As you can see, there are two ways to add attributes, including namespace declarations, to START_ELEMENT events: by passing two java.util.Iterators to the createStartElement( ) method or by creating Attribute and Namespace event objects and adding them to the XMLEventWriter. As a result, Examples and write the same text to the output stream.
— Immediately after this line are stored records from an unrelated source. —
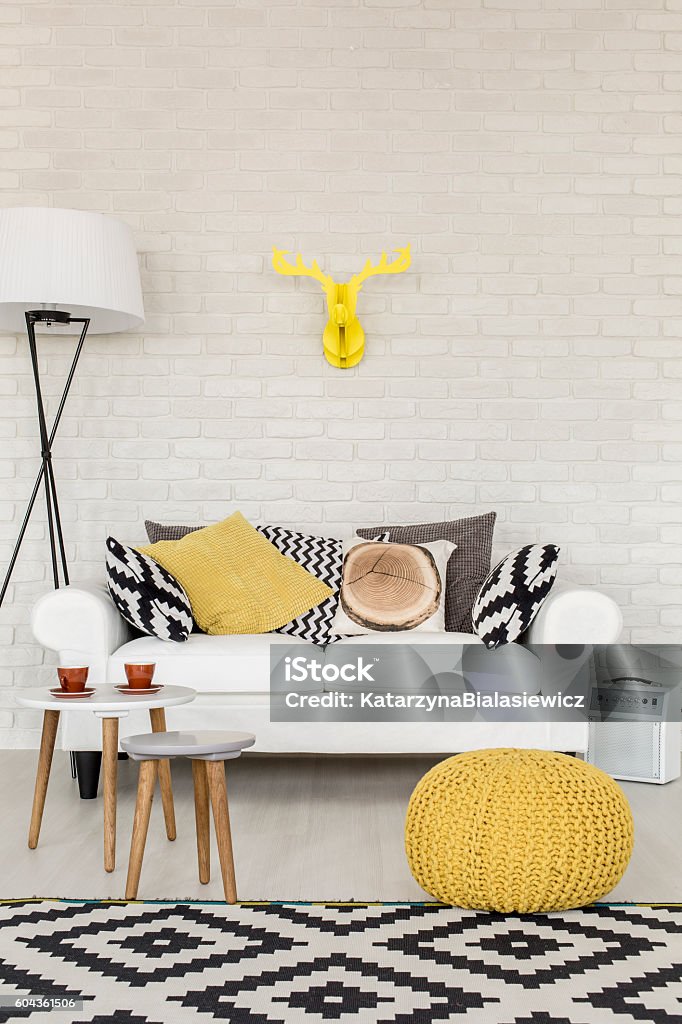 Comfortable sofa corner in a contemporary flat Stylish white sofa filled with pillows in a modern lounge room with white brick wall, decorative carpet and a lamp Yellow Stock Photo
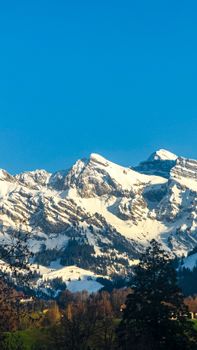 Stunning photo of snow-capped mountains in the Alps on a clear, sunny day, showcasing natural beauty.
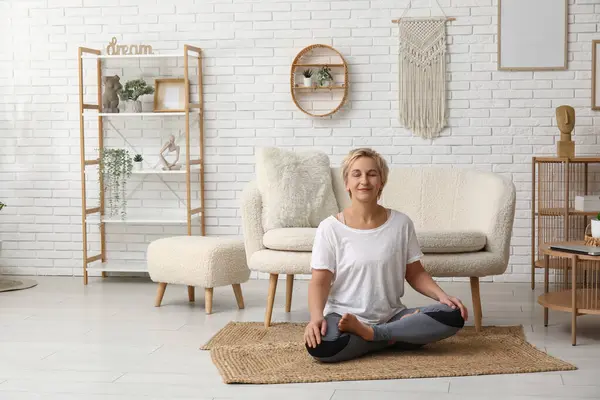 Reife Frau Meditiert Während Sie Hause Auf Dem Boden Sitzt — Stockfoto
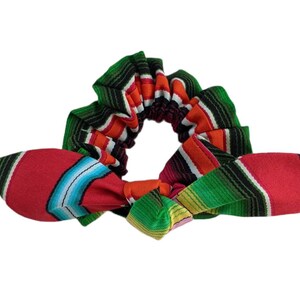 Puede incluir: Una colorida scrunchie con lazo, con un vibrante estampado de rayas en rojo, verde, naranja y azul. La scrunchie est&aacute; dise&ntilde;ada con un estilo textil tejido tradicional, perfecta para a&ntilde;adir un toque de color a cualquier peinado.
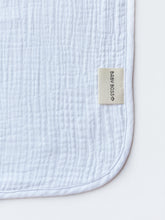 Load image into Gallery viewer, Baby Boss Baby Hooded Towel is made from extra soft, non-irritable and absorbent 4-layered organic cotton muslin which is perfect for wrapping your baby boss after their bath time. The towel contains no harmful dye or chemicals and is suitable for newborns and toddlers alike. The generous size of the towel and the practical hood ensure that your baby is kept dry and warm from head to toe. Dubai, Abu Dhabi, UAE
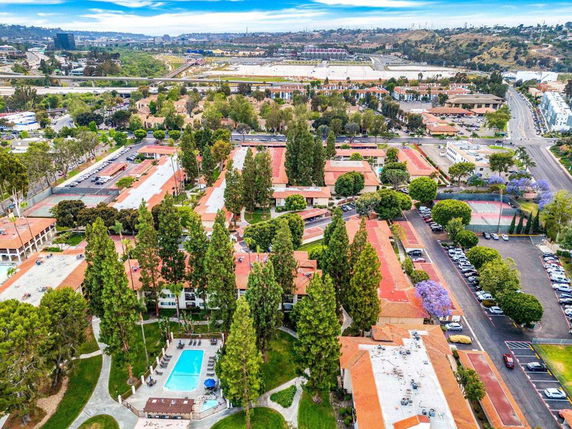 Wide angle view of a residential complex with multiple buildings, a swimming pool, and trees.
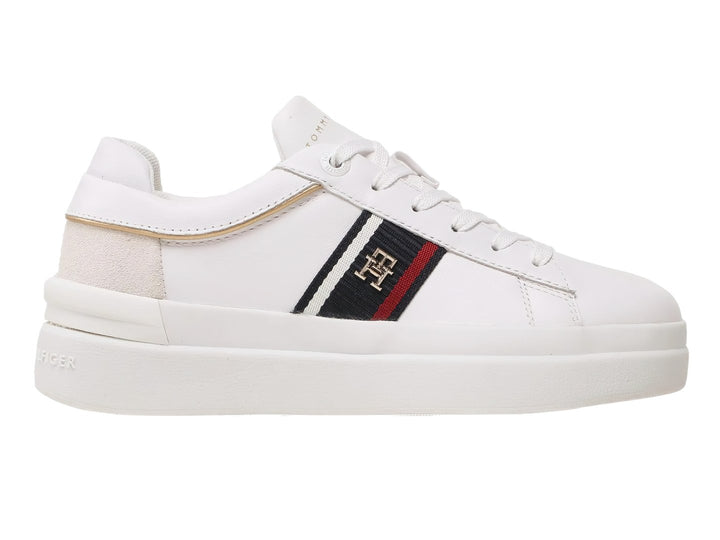 Tenis blancos Tommy Hilfiger de corte bajo con franja lateral tricolor y detalle beige en el talón.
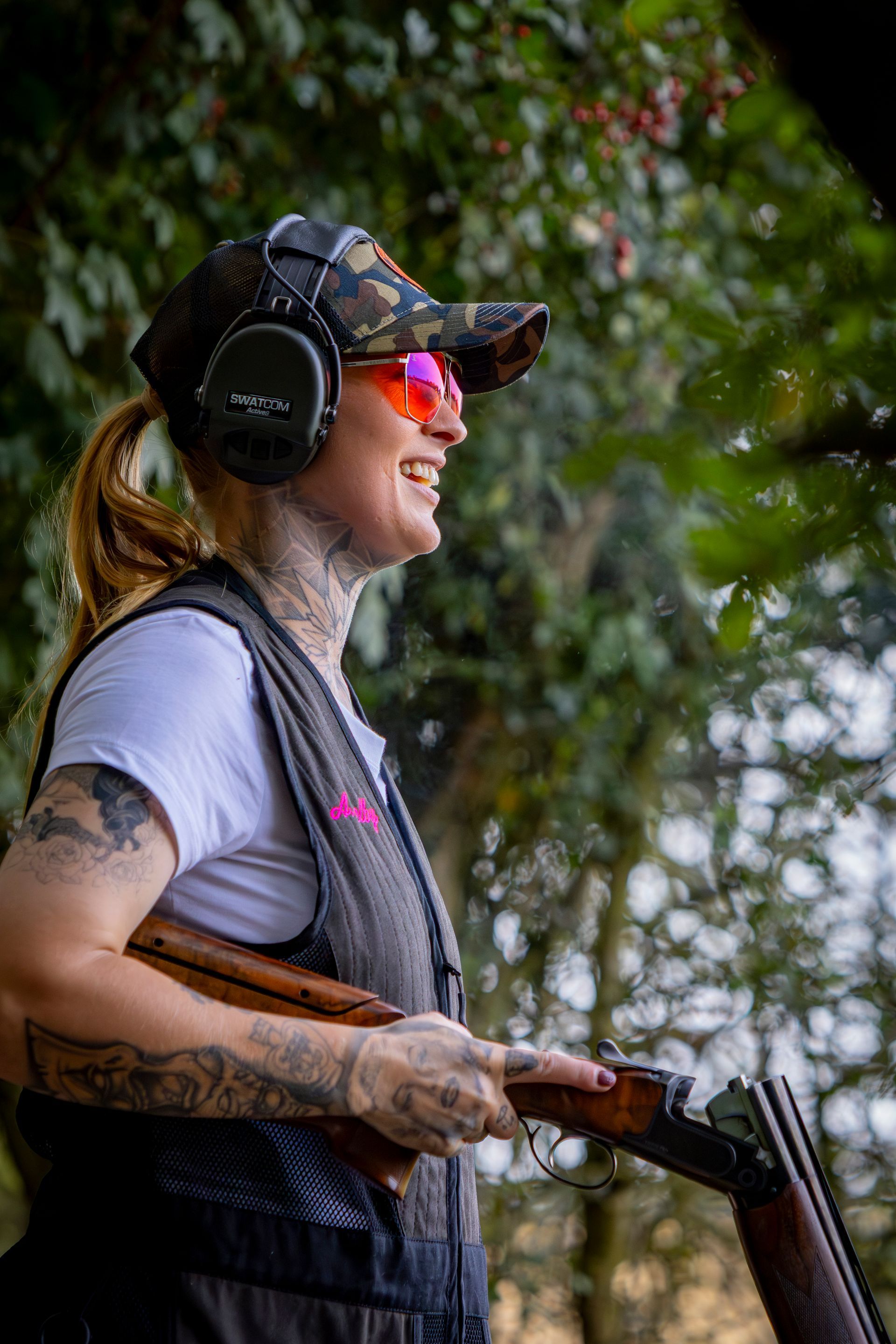 Woman with tattoos, shooting a shotgun, wearing safety glasses and ear protection, smiling, outdoors.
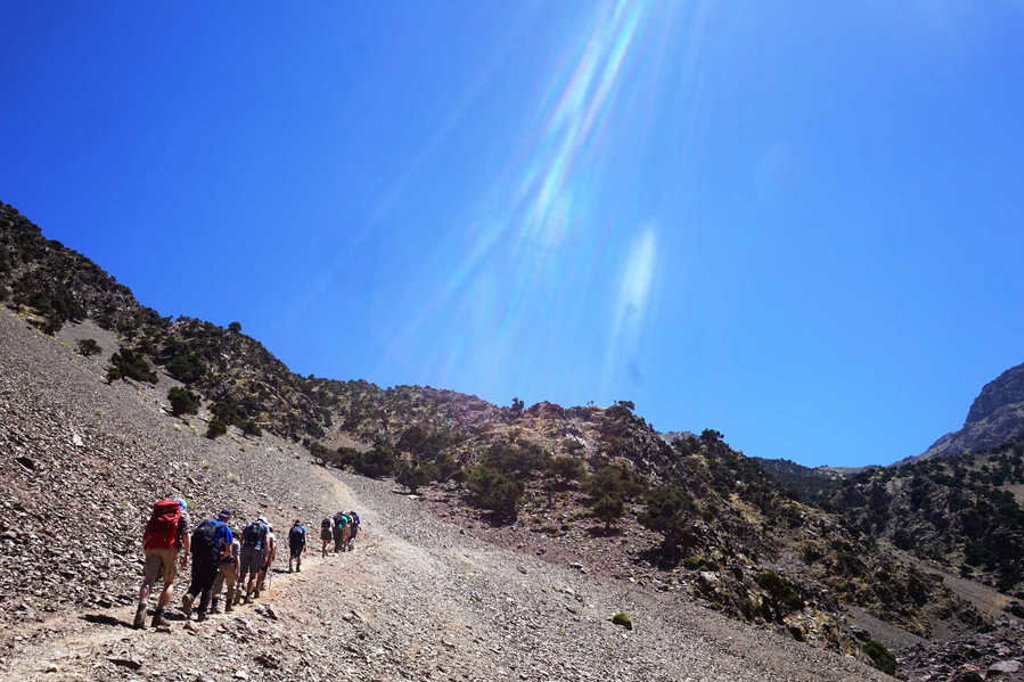 Wandelaars met rugzakken op bergpad tijdens beklimming van Mount Toubkal in Marokko.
Example Adding Attribute and Namespace objects with an Iterator

Namespace ns1 = eventFactory.createNamespace("ns1","http://www.example.com/ns1");
Namespace ns2 = eventFactory.createNamespace("ns2","http://www.example.com/ns2");
List namespaceList = new ArrayList( );
namespaceList.add(ns1);
namespaceList.add(ns2);
Attribute attribute = eventFactory.createAttribute("ns2",
 "http://www.example.com/ns2", "attribute", "true");
List attributeList = Collections.singletonList(attribute);
writer.add(eventFactory.createStartElement(ns1.getPrefix( ),
 ns1.getNamespaceURI(), "sample", attributeList.iterator( ),
 namespaceList.iterator( )));
writer.add(eventFactory.createEndElement(("ns1", "http://www.example.com/ns1",
 "sample");

Example Adding attributes and namespaces one at a time

writer.add(eventFactory.createStartElement("ns1",
 "http://www.example.com/ns1", "sample", null, null));
writer.add(eventFactory.createNamespace("ns1", "http://www.example.com/ns1"));
writer.add(eventFactory.createNamespace("ns2", "http://www.example.com/ns2"));
writer.add(eventFactory.createAttribute("ns2", "http://www.example.com/ns2",
 "attribute", "true"));
writer.add(eventFactory.createEndElement(("ns1", "http://www.example.com/ns1",
 "sample");

Event objects are reusable; if you wanted to create the same element twice, adding an attribute to the second element, you would only have to create the StartElement and EndElement objects once:

StartElement start = eventFactory.createStartElement(new QName("element"), null,
 null);
EndElement end = eventFactory.createEndElement(new QName("element"), null,
 null);
writer.add(start);
writer.add(end);
writer.add(start);
writer.add(eventFactory.createAttribute("attribute", "value"));
writer.add(end);

Namespace support by XMLEventWriter is similar to XMLStreamWriter, but since there's no way to create an event that does not have a defined prefix, XMLEventWriter does not have the same namespace definition checking as XMLStreamWriter. Otherwise, the semantics of namespace handling are the same as in XMLStreamWriter.